Je sais bien, et l’on ne manquera pas de me dire que les créanciers de l’État ne font autre chose que recevoir l’intérêt légitime de leurs capitaux, qu’ils ne peuvent être assimilés à des sinécuristes, apanagistes, concessionnaires à titre gratuit. À cela je réponds, que les emprunts d’État sont généralement contractés à des taux usuraires, 6, 7, 8 et même 10 pour 100 ; que même au taux légal de 5 pour 100 les capitaux bourgeois, placés sur l’État, produisent le double de ce que la terre rend aux propriétaires ; et que là est une des causes qui, en élevant d’une manière anormale le loyer de l’argent, élève du même coup celui des maisons, fait hausser le prix de toutes les denrées, et entretient un système de cherté au préjudice des masses, mais au grand avantage des prêteurs de numéraire.

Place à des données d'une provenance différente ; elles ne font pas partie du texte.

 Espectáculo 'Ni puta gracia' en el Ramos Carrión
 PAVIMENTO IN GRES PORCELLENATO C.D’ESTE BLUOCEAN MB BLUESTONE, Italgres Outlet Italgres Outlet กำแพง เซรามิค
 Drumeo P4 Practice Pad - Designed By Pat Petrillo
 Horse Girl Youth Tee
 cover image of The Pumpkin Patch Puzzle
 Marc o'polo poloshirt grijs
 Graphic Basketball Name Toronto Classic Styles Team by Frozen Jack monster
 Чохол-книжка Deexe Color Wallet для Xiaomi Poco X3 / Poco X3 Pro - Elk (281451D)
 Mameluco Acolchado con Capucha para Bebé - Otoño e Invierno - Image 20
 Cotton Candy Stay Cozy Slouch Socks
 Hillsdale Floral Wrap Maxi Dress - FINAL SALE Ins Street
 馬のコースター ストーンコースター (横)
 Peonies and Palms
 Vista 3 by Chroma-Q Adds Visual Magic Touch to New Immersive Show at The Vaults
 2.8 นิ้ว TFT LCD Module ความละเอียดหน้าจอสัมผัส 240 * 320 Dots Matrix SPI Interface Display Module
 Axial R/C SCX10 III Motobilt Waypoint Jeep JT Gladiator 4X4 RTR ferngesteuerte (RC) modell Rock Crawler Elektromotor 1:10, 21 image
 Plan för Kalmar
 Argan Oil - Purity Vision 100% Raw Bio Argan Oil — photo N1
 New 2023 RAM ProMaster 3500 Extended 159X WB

On voit donc, d’après cette première observation, que si la politique conservatrice fait des dettes, elle ne tient pas précisément à les rembourser. Il faut des dettes au système unitaire.

Mais, direz-vous, les dettes ne peuvent pas s’augmenter indéfiniment. Si un intérêt de 500 millions nous semble aujourd’hui une charge trop lourde, nous ne pourrions pas en porter une d’un milliard…

C’est ici qu’il importe de se bien rendre compte du système financier, sous un Gouvernement de centralisation et d’unité.

Certes, les créanciers de l’État savent aussi bien que personne que la dette publique ne peut pas grossir toujours, et qu’en suivant ce mouvement, on doit aboutir à la banqueroute. Ils s’y attendent ; mais qu’ont-ils à craindre ? N’ont-ils pas, dans le principe, en souscrivant les divers emprunts dont s’est formée successivement la dette, placé leurs capitaux à un intérêt double, triple, et quelquefois quadruple de celui que rend habituellement la terre ? n’ont-ils pas perçu cet intérêt pendant cinquante, soixante-quinze, cent et cent cinquante ans ? ne sont-ils pas rentrés dix fois, vingt fois dans leurs capitaux ? n’ont-ils pas ajouté à tout cela les bénéfices de l’agiotage ? ne savent-ils pas que, même dans le cas d’une banqueroute, ils ne perdront pas tout ; que la réduction ne sera que partielle, et que, la liquidation opérée, ils se retrouveront dans une situation relativement excellente ?

Autant donc l’unitarisme et sa politique, par nature, recherchent les dettes, autant ils ont peu à redouter de la banqueroute.


« L’histoire fournit de nombreux exemples de banqueroutes partielles. Sans remonter aux altérations des monnaies sous Philippe le Bel, nous trouvons dans les temps modernes les faits suivants :

« Règne de Henri IV : — Sully réduit les intérêts accordés aux prêteurs sous les règnes précédents, et affecte les à-comptes déjà payés au remboursement du capital.

« Règne de Louis XIV. — Sous l’administration de Desmarets, on suspend le payement du capital et des intérêts d’une foule de créances, notamment des fonds déposés à la caisse des emprunts.

« Règne de Louis XV. — À la chute de la banque de Law, on fait une réduction arbitraire des dettes de l’État. — Peu de temps après, l’abbé Terray refuse de payer un grand nombre de dettes, ainsi que les rescriptions du Trésor.

« Révolution française. — Les mandats et les assignats de la Révolution subissent une large réduction. — En 1798, le ministre Ramel réduit la dette des deux tiers.

« Gouvernement provisoire. — En 1848, le gouvernement de la République, héritier du déficit creusé par la monarchie orléaniste, offre aux déposants des caisses d’épargne et aux porteurs de bons du Trésor des titres de rente au lieu d’espèces. C’était une transaction, lorsque de fort honnêtes gens conseillaient la banqueroute pure et simple[1] »


Et maintenant, ce qui s’est déjà vu tant de fois, ne sommes-nous pas destinés, un peu plus tôt, un peu plus tard, à le revoir ? Je demande donc, en prévision de cette échéance fatidique, si ce ne serait pas compromettre l’avenir des classes laborieuses et trahir leurs intérêts, que de les pousser à des élections qui ne pourraient avoir d’autre résultat que de les rendre garantes, en les y faisant participer, d’un ordre de choses économique contre lequel elles protestent ?



  1. Voir Manuel du spéculateur à la Bourse, 1857.